3MBS

Melbourne, Victoria; Australia;
- Frequency: 103.5 MHz

Programming
- Format: Classical, Jazz

Ownership
- Owner: Music Broadcasting Society of Victoria Limited; (Music Broadcasting Society of Victoria Limited);

History
- First air date: 1 July 1975
- Former frequencies: FM: 92.5 MHz (1975); FM: 93.7 MHz (1975-1988);

Technical information
- Transmitter coordinates: 37°50′11″S 145°20′50″E﻿ / ﻿37.8364°S 145.3472°E

Links
- Website: www.3mbs.org.au

= 3MBS =

3MBS is an FM radio station in Victoria, Australia, and began transmitting to Melbourne and surrounding areas on 1 July 1975. Since then it has operated successfully as a non-profit community-based organisation broadcasting classical and jazz music. 3MBS also led the way for the introduction of community radio in Australia back in 1968.

It is part of the national Australian Fine Music Network.

==History==
The increasing popularity of rock music through the late 1950s and 1960s led to a reduction in the amount of classical music played on the ABC and commercial radio stations in Australia. Up until the early 1950s most radio stations employed orchestras to play music which included classical music. By the 1960s, only the ABC supported its own orchestra. But even the ABC had dramatically reduced the amount of classical music on air.

A music fan and radio engineer, Brian Cabena, was unhappy about being unable to listen to the music he liked on the radio - and he did something about it. After much unsuccessful lobbying of radio stations, he turned his attention to the government. He argued that if the existing stations were not willing to program for classical music fans, the government should license new stations that would.

In 1968, Cabena wrote a letter to The Age calling a meeting of anyone interested in pursuing the idea of a listener-run classical music radio station. 200 people turned up and the Music Broadcasting Society (MBS) of Victoria was born. The group spent years lobbying the government for what they called "listener controlled" radio.

The government rejected their approaches. The initial response from the government was that the AM band was full and the existing stations catered for the majority of listener needs. But Brian Cabena was persistent and eventually convinced the government that the FM band would work for metropolitan-wide broadcasting.

After a change of government in 1972, public, or what is now termed community broadcasting got off the ground. People from the Melbourne MBS station travelled to Sydney and started up a Sydney MBS, 2MBS, which had the same aims: for people who liked classical music to volunteer to operate a radio station that would principally broadcast classical music.

2MBS went to air in late 1974 and Brian Cabena got 3MBS to air in July 1975. This led to the development of a range of community radio stations catering for diverse interests across the country.

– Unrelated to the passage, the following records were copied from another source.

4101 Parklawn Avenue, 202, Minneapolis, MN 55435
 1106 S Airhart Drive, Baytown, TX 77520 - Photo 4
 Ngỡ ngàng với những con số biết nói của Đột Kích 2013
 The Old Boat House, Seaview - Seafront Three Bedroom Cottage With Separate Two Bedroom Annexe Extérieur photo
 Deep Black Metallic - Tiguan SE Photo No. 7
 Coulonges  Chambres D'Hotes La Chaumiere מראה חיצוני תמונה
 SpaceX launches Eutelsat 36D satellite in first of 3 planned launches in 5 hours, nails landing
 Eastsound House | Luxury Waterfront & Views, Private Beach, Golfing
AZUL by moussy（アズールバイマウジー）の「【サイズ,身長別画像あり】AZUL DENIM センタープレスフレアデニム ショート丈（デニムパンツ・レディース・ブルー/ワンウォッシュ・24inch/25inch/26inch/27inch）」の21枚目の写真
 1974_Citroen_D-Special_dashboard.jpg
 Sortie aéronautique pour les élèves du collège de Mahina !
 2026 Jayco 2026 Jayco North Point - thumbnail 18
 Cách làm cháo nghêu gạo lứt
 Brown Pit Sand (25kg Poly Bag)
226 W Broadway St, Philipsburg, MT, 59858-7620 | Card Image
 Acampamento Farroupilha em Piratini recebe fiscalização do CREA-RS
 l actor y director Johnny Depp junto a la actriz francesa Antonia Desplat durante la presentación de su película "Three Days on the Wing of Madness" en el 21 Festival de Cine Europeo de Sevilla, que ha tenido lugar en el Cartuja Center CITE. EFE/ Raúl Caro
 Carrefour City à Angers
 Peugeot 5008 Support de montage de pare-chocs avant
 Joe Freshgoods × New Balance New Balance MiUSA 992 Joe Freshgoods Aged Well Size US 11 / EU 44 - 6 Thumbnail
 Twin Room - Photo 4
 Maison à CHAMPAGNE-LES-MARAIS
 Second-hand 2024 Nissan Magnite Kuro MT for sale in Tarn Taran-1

At 6.30pm in July 1975, 3MBS played Carl Orff's Carmina Burana as its first licensed broadcast. It was not only the first community broadcaster to be heard in Victoria, but also the first radio station in the State to transmit on the newly established FM band.

3MBS originally broadcast on 92.5 MHz on the FM band. By November 1975 it had moved to 93.7 MHz before moving to its current position of 103.5 MHz in 1988 when a number of Melbourne FM radio stations were assigned new frequencies.

The station was able to operate through subscription (initially set at $10 per annum) contributed by all those who shared the need to have a station in Melbourne broadcasting classical music.

The advent of ABC-FM in 1976 caused a drop in the number of subscribers to 3MBS. However, as people realised that they could have the best of both worlds, by switching from one station to the other in order to hear music to which they wished to listen, the subscriber base moved upwards again, so that by the 1980s 3MBS was financially secure.

==Support for local music==
From the early 90s, 3MBS took its charter to support local music seriously. In association with the Music Society of Victoria, the station developed the 3MBS Young Performers Award. In the year 2000, it developed a National Composer Award.

Apart from the broad spectrum of music presented, 3MBS has actively encouraged and supported the endeavours of local musicians, recording and later broadcasting their concerts and recitals. It also conducts a Musicians-in-Residence programme, a Daily Arts Diary and Accidental Arts programme.